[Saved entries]
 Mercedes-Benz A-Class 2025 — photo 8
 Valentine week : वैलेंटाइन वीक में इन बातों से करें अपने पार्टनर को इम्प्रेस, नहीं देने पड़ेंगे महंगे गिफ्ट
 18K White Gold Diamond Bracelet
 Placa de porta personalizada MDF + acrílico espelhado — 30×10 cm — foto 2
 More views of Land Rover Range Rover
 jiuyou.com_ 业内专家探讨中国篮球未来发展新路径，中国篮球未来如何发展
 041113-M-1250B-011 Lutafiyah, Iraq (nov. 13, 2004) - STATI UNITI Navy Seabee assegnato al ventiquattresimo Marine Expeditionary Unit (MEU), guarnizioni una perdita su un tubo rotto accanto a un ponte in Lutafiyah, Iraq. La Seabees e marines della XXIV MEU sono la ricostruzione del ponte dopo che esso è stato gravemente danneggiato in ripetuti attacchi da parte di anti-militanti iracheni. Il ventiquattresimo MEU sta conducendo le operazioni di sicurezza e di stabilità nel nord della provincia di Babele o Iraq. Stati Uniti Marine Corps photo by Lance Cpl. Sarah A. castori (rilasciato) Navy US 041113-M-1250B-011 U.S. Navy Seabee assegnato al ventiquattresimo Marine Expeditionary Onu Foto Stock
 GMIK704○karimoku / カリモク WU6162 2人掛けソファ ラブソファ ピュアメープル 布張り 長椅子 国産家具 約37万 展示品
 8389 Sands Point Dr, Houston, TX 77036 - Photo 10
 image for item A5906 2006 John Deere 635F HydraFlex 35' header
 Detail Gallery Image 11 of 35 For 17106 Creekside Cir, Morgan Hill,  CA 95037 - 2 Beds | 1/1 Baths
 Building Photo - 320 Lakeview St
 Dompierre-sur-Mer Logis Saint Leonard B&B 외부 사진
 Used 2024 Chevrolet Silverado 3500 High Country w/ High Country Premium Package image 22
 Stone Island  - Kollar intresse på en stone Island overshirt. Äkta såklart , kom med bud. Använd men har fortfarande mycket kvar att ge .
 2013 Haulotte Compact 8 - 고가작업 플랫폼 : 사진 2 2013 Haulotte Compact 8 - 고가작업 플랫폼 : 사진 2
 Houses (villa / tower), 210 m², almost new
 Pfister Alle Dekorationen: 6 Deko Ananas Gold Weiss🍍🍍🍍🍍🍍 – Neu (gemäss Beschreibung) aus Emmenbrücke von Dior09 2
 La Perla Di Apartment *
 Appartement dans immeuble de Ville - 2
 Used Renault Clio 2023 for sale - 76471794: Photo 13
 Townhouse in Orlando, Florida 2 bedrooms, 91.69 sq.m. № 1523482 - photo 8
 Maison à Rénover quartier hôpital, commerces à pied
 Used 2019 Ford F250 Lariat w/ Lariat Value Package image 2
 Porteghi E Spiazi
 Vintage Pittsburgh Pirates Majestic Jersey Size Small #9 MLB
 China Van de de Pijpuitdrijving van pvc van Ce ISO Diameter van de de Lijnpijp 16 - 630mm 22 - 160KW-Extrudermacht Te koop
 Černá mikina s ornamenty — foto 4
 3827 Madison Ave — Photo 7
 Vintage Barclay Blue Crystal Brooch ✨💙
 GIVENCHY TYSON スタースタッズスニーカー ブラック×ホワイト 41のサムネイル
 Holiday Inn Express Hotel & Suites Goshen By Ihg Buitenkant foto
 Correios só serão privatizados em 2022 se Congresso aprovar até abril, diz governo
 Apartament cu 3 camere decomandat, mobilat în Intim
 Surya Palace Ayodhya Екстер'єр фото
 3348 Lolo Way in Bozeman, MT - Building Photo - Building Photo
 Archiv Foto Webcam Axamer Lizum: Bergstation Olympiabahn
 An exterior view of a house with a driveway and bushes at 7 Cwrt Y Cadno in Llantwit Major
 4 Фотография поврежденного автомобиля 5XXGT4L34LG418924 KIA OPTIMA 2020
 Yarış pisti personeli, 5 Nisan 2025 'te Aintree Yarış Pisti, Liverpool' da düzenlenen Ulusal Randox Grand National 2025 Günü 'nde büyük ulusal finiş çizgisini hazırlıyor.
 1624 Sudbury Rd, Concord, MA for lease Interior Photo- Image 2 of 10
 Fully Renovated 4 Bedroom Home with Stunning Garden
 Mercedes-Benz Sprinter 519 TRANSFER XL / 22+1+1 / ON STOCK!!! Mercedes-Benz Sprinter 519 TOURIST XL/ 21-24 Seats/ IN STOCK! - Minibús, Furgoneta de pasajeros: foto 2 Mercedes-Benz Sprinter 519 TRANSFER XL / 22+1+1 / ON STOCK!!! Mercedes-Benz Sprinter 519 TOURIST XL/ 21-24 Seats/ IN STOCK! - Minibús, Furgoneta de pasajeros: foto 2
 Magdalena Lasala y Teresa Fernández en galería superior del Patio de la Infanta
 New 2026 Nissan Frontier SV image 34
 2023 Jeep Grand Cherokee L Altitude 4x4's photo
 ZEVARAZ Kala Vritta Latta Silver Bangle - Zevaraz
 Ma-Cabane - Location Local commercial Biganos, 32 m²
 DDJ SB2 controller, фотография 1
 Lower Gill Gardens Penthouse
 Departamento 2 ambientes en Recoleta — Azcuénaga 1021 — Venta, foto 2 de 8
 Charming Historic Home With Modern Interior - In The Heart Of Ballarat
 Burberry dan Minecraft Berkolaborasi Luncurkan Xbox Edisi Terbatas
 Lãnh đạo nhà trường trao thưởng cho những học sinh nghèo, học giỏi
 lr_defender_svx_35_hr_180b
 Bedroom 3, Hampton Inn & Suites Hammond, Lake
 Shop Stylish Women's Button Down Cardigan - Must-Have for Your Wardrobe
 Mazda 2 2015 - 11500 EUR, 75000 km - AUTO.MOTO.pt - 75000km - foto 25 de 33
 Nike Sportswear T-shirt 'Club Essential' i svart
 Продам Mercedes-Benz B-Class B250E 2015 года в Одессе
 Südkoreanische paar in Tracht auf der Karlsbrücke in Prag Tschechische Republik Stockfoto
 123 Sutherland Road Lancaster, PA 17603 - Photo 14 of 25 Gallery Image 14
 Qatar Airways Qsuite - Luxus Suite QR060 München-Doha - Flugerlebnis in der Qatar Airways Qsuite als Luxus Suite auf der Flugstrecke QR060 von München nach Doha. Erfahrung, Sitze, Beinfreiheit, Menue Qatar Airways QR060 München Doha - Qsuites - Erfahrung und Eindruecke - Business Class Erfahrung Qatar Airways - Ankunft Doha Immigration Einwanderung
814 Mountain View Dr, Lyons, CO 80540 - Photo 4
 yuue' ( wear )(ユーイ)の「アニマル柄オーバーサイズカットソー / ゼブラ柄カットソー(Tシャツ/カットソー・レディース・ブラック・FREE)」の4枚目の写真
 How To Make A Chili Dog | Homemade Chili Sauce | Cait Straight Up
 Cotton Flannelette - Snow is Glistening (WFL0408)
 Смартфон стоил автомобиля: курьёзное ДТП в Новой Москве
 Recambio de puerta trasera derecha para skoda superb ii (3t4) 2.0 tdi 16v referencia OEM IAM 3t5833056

# WORK TASK
After locating the line holding "Nike Sportswear T-shirt" above, output exactly that line and every line after it through the line holding "123 Sutherland Road". Include nothing else.

# SOLUTION FOR THIS PROBLEM
 Nike Sportswear T-shirt 'Club Essential' i svart
 Продам Mercedes-Benz B-Class B250E 2015 года в Одессе
 Südkoreanische paar in Tracht auf der Karlsbrücke in Prag Tschechische Republik Stockfoto
 123 Sutherland Road Lancaster, PA 17603 - Photo 14 of 25 Gallery Image 14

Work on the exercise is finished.